本格的なオンライン研修をこれから始めるみなさま向けに、ウィルソン・ラーニングの研修運営スタッフが押さえておきたい基本情報をお伝えします。
【オンライン研修ことはじめ】は全4回の連載となっております。
- まず、主催側の配信環境を整えよう!
- オンライン研修実施時に「あると便利な道具・機材」
- オンライン研修の会場セッティング
- 主要Web会議ツールの特徴とメリット/デメリット
また、企業の研修をオンライン化しようとする際には、いくつかの落とし穴があるものです。
ウィルソン・ラーニングでは以前、『オンライン研修実施の落とし穴とは?』というテーマのセミナーを開催しました。
こちらでセミナーに使用したスライドをダウンロードすることができますので、研修ご担当者様はこちらもご一読ください。
こんにちは。ウィルソン・ラーニングの鈴木です。
本シリーズは、このコロナ禍の中で多くのオンライン研修のお手伝いをしてきた経験をもとに、研修運営のノウハウやちょっとしたコツ/Tipsなどを紹介しています。
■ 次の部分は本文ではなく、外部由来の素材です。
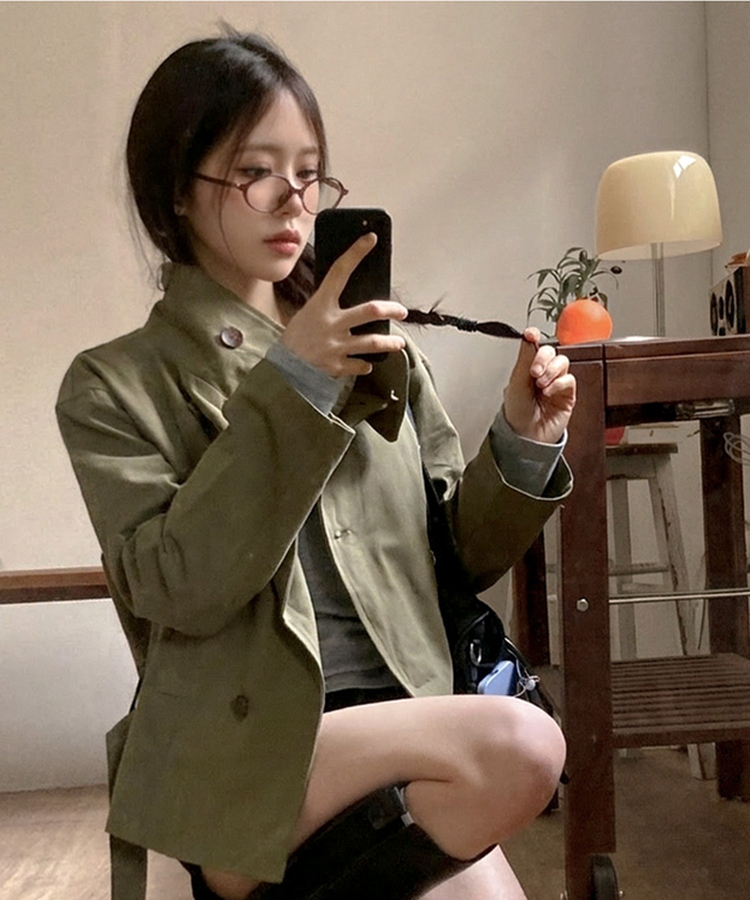 드로우 하이넥 코튼 숏 트렌치 야상 자켓 카키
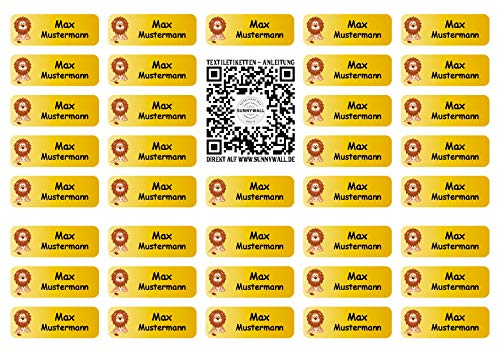Sunnywall® 37 Selbstklebende Namensschilder & Namensaufkleber für Kleidung & Gegenstände - waschmaschinengeeignet | Ideal für Kinder, Schule und Kita (3,8x1,4 cm) (Löwe 27)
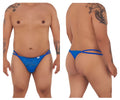 Royal blue candyman 99421x lace g-string thong with double-strap design in blue lace front view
これまではオンライン研修を実施する上で必要な機材やそれらの設置方法など、ハードウエア寄りの紹介をしてまいりました。4回目はオンライン研修実施の際に必須の『Web会議ツール(アプリ)』についてお伝えします。
さて、みなさんの会社ではどのWeb会議ツールを使っていますか?
私どもがお手伝いさせていただいているお客さまでは、マイクロソフト社の『Teams』やシスコシステムズ社の『Webex』、Zoomビデオコミュニケーションズ社の『Zoom』の3種が多いように感じます。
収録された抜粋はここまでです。